Thursday, January 26, 2012

FBI Amicable Network Scraping App

The FBI is looking to rise an early-warning network formed on element "scraped" from amicable networks.

It says the focus should give data about probable made at home and universal threats superimposed onto maps "using mash-up technology".

The business has asked contractors to indicate probable solutions inclusive the estimated cost.

Privacy campaigners say they are anxious that the pierce could have implications for giveaway speech.

The FBI's Strategic Information and Operations Center (SOIC) posted its "Social Media Application" marketplace investigate solicit onto the web on 19 January, and it was subsequently flagged up by New Scientist magazine.

The report says: "Social media has turn a first source of comprehension since it has turn the premier first reply to key events and the primal inform to probable building situations."

It says the focus should gather "open source" data and have the aptitude to:

Provide an programmed hunting and scratch capability of amicable networks inclusive Facebook and Twitter.

Allow users to emanate new keyword searches.

Display not similar levels of threats as alerts on maps, presumably using colour coding to heed priority.
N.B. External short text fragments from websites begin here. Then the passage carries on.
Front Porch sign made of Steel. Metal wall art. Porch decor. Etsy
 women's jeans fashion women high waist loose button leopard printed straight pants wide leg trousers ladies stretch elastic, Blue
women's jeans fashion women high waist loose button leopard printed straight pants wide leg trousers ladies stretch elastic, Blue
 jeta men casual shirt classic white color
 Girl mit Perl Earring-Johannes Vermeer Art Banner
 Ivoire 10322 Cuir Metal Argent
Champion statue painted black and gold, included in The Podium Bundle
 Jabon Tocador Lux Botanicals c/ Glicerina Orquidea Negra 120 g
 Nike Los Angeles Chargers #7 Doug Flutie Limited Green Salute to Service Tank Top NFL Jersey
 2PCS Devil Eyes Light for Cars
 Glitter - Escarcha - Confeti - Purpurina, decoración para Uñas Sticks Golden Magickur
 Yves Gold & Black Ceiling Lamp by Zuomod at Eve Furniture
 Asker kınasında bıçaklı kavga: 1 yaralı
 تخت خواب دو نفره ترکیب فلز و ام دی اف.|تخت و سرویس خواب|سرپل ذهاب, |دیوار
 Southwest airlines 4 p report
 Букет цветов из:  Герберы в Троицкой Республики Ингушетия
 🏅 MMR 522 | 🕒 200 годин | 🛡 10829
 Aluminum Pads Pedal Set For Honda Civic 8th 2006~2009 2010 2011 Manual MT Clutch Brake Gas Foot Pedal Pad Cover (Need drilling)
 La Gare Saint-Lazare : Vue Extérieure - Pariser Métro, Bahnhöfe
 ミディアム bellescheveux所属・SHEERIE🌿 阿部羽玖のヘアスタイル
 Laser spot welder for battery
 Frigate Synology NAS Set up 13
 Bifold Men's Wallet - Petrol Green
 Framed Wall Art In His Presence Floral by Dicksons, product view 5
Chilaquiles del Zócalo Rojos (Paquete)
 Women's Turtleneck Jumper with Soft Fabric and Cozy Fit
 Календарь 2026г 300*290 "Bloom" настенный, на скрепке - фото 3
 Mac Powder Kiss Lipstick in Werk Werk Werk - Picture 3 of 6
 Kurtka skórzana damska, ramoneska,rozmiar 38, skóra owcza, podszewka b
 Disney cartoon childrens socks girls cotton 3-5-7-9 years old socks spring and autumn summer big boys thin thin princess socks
Google Maps 3D and Yahoo Maps are listed amid the "preferred" mapping options.

Plot a far-reaching operation of made at home and universal apprehension data.

Immediately interpret foreign language tweets in to English.

The FBI says the data would be used to help it to envision the expected activities of "bad actors", discover instances of people intentionally dubious law coercion officers and mark the vulnerabilities of think groups.

The FBI released the solicit 3 weeks after the US Department of Homeland Security released a well-defined report in to the privacy implications of monitoring amicable media websites .

It fit the principle of using data that users have supposing and not opted to make private.

"Information posted to amicable media websites is publicly available and willingly generated. Therefore the chance not to give data exists previous to the informational post by the user," it says.

It remarkable that the department's National Operations Center had a process in place to amend out any collected data that fell outward of the categories applicable to its investigations.

It listed websites that the centre planned to monitor. They add YouTube, the print service Flickr, and Itstrending.com - a site that shows renouned common things on Facebook.

It moreover highlighted difference it looked out for. These add "gangs", "small pox", "leak", "recall" and "2600" - an strong anxiety to the hacking-focused magazine.

The London-based promotion group, Privacy International, mentioned it was disturbed about the consequences of such activities.

"Social networks are about joining people with other people - if a person is the aim of military monitoring, there will be a dragnet outcome in that dozens, even hundreds, of trusting users moreover advance beneath surveillance," mentioned Gus Hosein, the group's senior manager director.

"It is not indispensably the box that the more data law coercion officers have, the safer you will be.

"Police might good find themselves inundated by a inundate of personal information, data that is changed to those it concerns but invalid is to purposes of crime prevention."

The organisation remarkable that it was looking data from the UK's Metropolitan Police Service about its use of amicable networks.